放課後NPOアフタースクールでは、5月30日(木)に「自治体のこども計画策定とこどもの意見反映~放課後の居場所づくりはどう変わる?~」と題し、行政の方々をお招きしてオンラインフォーラムを開催しました。
 
開催レポートとして、3部に分けて講演内容をお伝えしていきます。
本記事では、自治体こども計画の策定や政策へのこどもの意見反映についての先行事例である滋賀県と川崎市の取り組みを紹介します。
 
▼登壇者のプロフィール等はこちらから



【滋賀県の事例】子ども計画の策定及び県の施策における「こどもの意見反映」の推進

(滋賀県子ども若者部 子ども若者政策・私学振興課長 野口 浩一 氏)

滋賀県のご担当者である野口様からは、県こども計画検討の進め方や体制、計画の位置付けや方向性、計画検討におけるこどもの意見反映についてお話しいただきました。

県のこども施策推進に向けた動き

こども計画の検討に先立ち、滋賀県では、全庁横断的にこども施策を推進するため、令和5年4月に滋賀県子ども政策推進本部を設置しました。ここでは、知事を本部長とし、関連部局の長が構成員となり、重点課題の整理や対策検討を進めています。

 また、令和6年4月には、「子ども若者部」を新たに設置。庁内の司令塔として、関係部局との連携の上、こども若者施策を総合的に企画調整し、迅速かつ効果的、効率的に推進していきます。

こども計画検討の進め方と検討体制

滋賀県では、現在、現行の淡海子ども・若者プラン(令和2年策定)の次期計画策定にあたって、こども大綱の規定範囲と比較して必要な事項を追加する方向で改定し、県のこども計画の位置付けとするよう検討を進めています。
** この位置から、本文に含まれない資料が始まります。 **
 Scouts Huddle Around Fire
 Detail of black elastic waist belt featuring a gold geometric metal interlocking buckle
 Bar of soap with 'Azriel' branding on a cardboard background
 また、並行して、条例の検討も進めています。滋賀県では、すでに子ども条例が制定されていますが、制定から18年が経過して子どもを取り巻く環境が変化し、こども基本法も施行されたことから、現行条例を廃止し、新たに(仮称)滋賀県子ども基本条例を検討しています。

こども計画の検討体制については、「滋賀県子ども若者審議会」において、「子ども・子育て支援」「社会的養護」「子ども・若者施策」「ひとり親家庭支援・子どもの貧困対策」の4つの分野ごとの部会に分かれて検討を進めています。
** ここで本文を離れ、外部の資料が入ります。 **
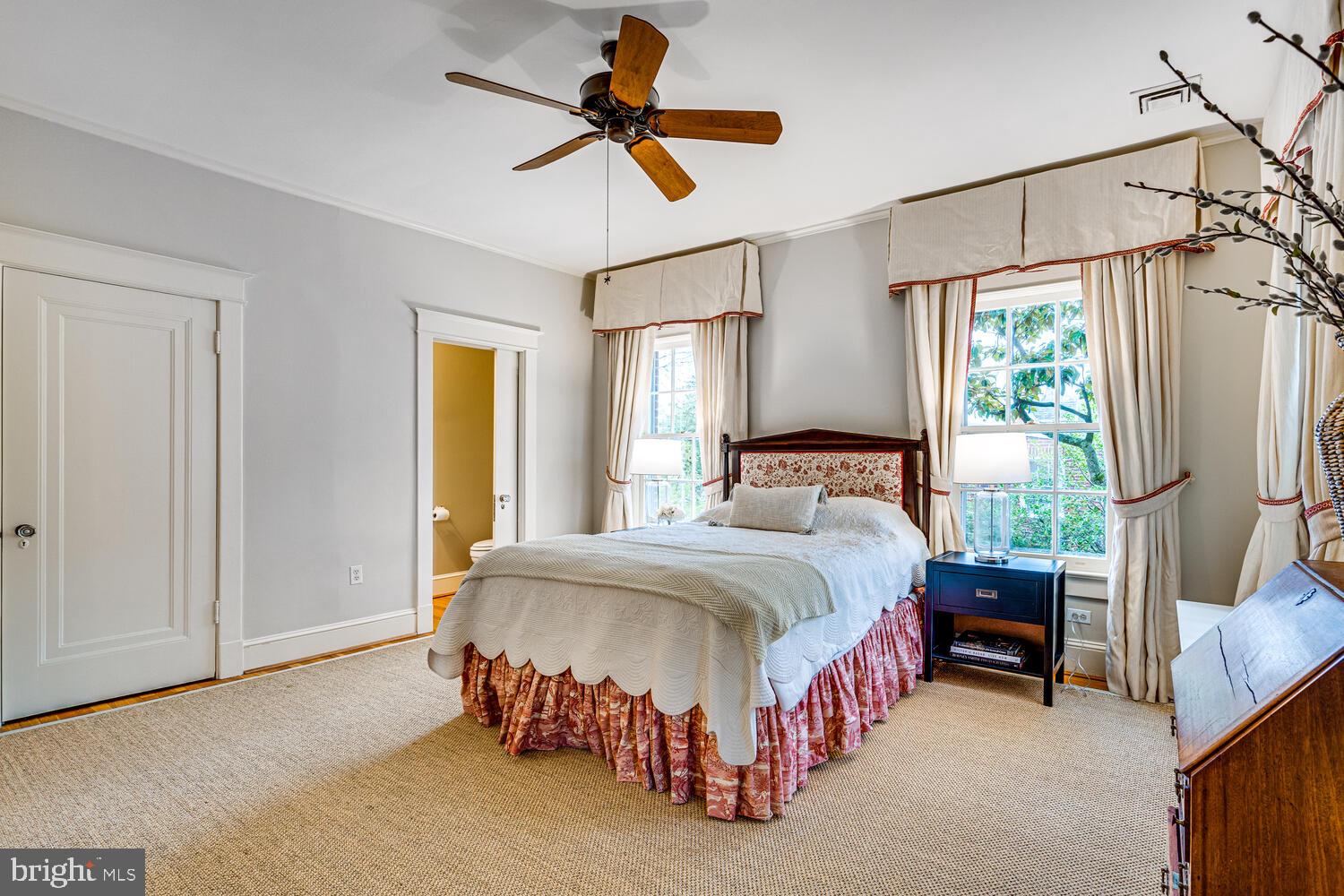 3512 Rittenhouse Street Northwest Washington, DC 20015 - Photo 60 of 132 a spacious bedroom with a bed a chandelier and a window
さらに、その4つの部会を横断する形で「子ども真ん中企画検討部会」を設置。ここに大学生などの若者や小中学校の教員、こども子育てに関わる団体関係者が参画して、こども・若者の意見反映やこどもにわかりやすい計画づくりを推進しています。

こども計画の位置付けと方向性、現行計画との違い

まずは、現行の淡海子ども・若者プランについてご説明します。これは、県政の最上位計画である滋賀県基本構想に基づき、こども・若者育成支援施策を総合的かつ計画的に推進するための中期計画であり、子ども・若者育成支援推進法、子ども・子育て支援法などの5つの法律に基づく計画の位置付けも併せ持ちます。
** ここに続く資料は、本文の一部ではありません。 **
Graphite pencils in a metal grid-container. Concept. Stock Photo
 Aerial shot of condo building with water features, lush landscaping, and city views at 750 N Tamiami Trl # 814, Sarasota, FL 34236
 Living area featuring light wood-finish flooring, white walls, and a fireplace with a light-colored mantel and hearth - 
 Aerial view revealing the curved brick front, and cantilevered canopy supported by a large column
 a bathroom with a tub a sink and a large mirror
目指すべき姿は「『子どもの笑顔と幸せあふれる滋賀』の実現」とし、「子ども・若者」「保護者」「地域」に関する3つの理念を掲げて、5年ごとに社会状況の変化や国の動きを踏まえて改定するものとしています。

次に、次期計画の検討について、現行計画の5つの法律に基づく位置付けに加えて、こども基本法に基づく都道府県こども計画など2つの計画の位置付けを追加して一体的に作成しています。

検討にあたっての方向性は、こども大綱の主な項目は現行計画でも規定できているため、基本的な考え方は継承しつつ、近年顕在化したヤングケアラーやフリースクールなどの学びと居場所の保障など新しい社会的課題に関する施策について盛り込む方向で検討しています。

こども計画はじめ県の施策へのこどもの意見反映について

2024年5月27日に開催された第1回子ども真ん中企画検討部会では、以下のような意見が出ました。

こうした意見を踏まえて、計画への反映を検討していきます。

また、こども条例の検討過程では、こども・若者を対象に「県知事に意見を伝えたい時にどんな方法なら伝えられると思いますか?」などの3つの質問のWEBアンケートを実施したところ、1万人以上の回答が集まりました。

結果としては、「直接伝えるのではなく、誰かに聞いてもらい、代わりに伝えてもらう間接的な方法が良い」とする声が多くありました。また、年齢が上がるごとに直接伝える方法を選ぶ割合が増える傾向があり、意見を伝える能力に応じた意見聴取の方法に配慮が必要と考えられます。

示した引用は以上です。